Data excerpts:
##############################
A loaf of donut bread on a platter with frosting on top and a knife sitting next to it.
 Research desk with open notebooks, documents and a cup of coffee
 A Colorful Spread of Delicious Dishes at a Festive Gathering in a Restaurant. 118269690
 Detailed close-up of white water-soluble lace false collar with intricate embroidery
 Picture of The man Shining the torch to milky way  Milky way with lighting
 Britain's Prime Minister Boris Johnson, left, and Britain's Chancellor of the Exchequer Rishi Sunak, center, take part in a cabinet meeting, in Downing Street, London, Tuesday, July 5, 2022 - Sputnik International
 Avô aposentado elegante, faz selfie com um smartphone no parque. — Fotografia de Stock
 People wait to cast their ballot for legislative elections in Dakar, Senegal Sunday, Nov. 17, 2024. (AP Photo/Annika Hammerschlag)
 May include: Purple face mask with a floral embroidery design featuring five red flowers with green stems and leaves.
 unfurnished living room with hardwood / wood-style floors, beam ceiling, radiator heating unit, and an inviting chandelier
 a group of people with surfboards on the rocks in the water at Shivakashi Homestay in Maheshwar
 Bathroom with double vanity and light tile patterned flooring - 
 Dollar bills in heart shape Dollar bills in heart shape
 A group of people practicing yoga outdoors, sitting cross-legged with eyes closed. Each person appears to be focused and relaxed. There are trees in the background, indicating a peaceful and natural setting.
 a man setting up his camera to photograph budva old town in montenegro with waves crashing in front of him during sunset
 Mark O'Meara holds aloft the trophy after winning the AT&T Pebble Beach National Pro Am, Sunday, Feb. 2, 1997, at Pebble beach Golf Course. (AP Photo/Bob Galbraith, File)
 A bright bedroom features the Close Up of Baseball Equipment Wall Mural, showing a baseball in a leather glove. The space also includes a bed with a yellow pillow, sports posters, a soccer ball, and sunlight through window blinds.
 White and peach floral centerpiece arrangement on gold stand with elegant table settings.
##############################
Exercise directions:
Out of the data above, transcribe exactly and only the lines starting with the line that has "Avô aposentado elegante, faz" and going on through the line that has "Mark O'Meara holds", both included.

Response:
 Avô aposentado elegante, faz selfie com um smartphone no parque. — Fotografia de Stock
 People wait to cast their ballot for legislative elections in Dakar, Senegal Sunday, Nov. 17, 2024. (AP Photo/Annika Hammerschlag)
 May include: Purple face mask with a floral embroidery design featuring five red flowers with green stems and leaves.
 unfurnished living room with hardwood / wood-style floors, beam ceiling, radiator heating unit, and an inviting chandelier
 a group of people with surfboards on the rocks in the water at Shivakashi Homestay in Maheshwar
 Bathroom with double vanity and light tile patterned flooring - 
 Dollar bills in heart shape Dollar bills in heart shape
 A group of people practicing yoga outdoors, sitting cross-legged with eyes closed. Each person appears to be focused and relaxed. There are trees in the background, indicating a peaceful and natural setting.
 a man setting up his camera to photograph budva old town in montenegro with waves crashing in front of him during sunset
 Mark O'Meara holds aloft the trophy after winning the AT&T Pebble Beach National Pro Am, Sunday, Feb. 2, 1997, at Pebble beach Golf Course. (AP Photo/Bob Galbraith, File)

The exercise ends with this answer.